There are wider questions. The first concerns the media plurality that the Secretary of State likes to pray in aid to explain how hemmed in he is by statute. The answer to that question is that, as formulated, the system is antique and obsolete when faced with a behemoth such as the Murdoch empire. The combination of News Corporation and BSkyB will be in a position to distort or bend competition through cross-promotion, price bundling, preventing rivals from advertising and other distortions in the advertising market. The fact is that none of those issues, which are crucial to the question of competitiveness, was even considered by the Secretary of State. That is the decisive reason why he should reconsider.

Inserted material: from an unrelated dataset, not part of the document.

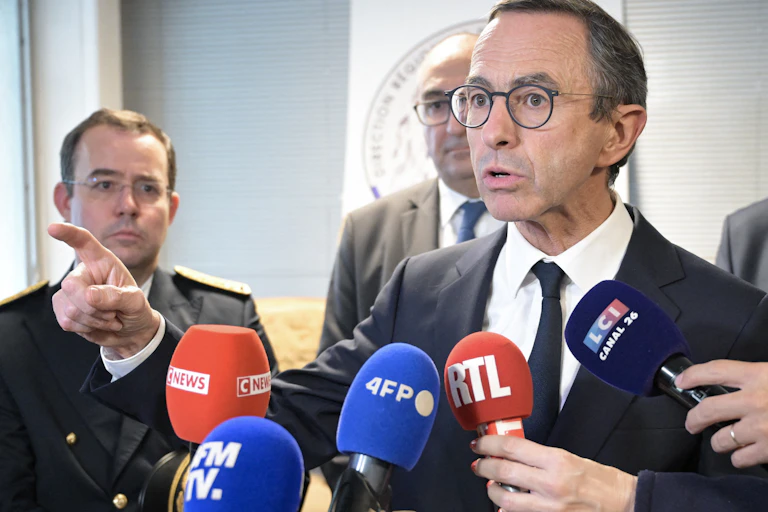 Le ministre de l'Intérieur Bruno Retailleau s'adresse aux journalistes lors de sa visite à la Sous-Direction de la Police Judiciaire (SDPJ) dans le cadre d'une présentation d'environ une tonne de stupéfiants de cannabis saisis, à Nanterre, près de Paris, le 15 octobre 2024.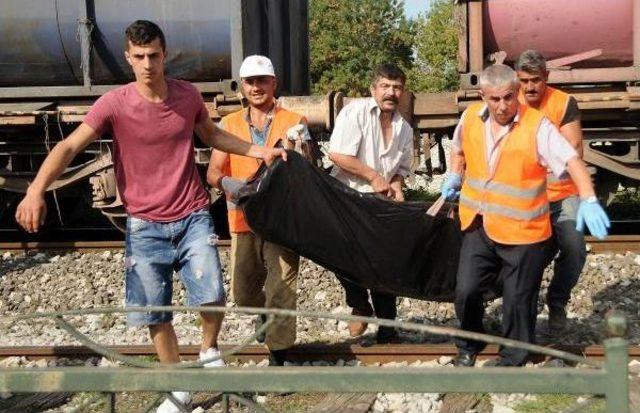 Balık Tutmaya Giderken Trenin Altında Kaldı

In particular, the idea cooked up by News International that putting Sky News into a separate company somehow preserves media plurality is utterly spurious. Newco, the company that will run Sky News, will be dependent on News Corporation for 85% of its revenues and for access to the market. The safeguards for editorial independence are weak and of the kind that News International has repeatedly undermined before. Neither Ofcom nor the Office of Fair Trading regards this arrangement as a sustainable solution. The two-week consultation period was clearly inadequate. And the arrangement puts far too much power in the hands of the Secretary of State rather than independent regulators. Those are all very strong reasons why the Secretary of State has to look at this again, after a pause, which the whole House is asking for.

Lastly, I want to say something about the Press Complaints Commission, which is surely one of the most ineffective performers in the regulatory landscape. It played absolutely no role whatever in uncovering the phone hacking revelations; indeed, it far too readily dismissed The Guardian’s original warnings nearly two years ago. I really do think that the PCC has been so poor that the public inquiry should look again at the future of self-regulation after so many cautions, including David Mellor’s warning 20 years ago—”

Because we were then restricted to just 4-minute speeches, I would have added Mellor’s threat in the 1990s: “the press is now drinking at the last chance saloon”. As they say in such places, for self-regulation Time’s up!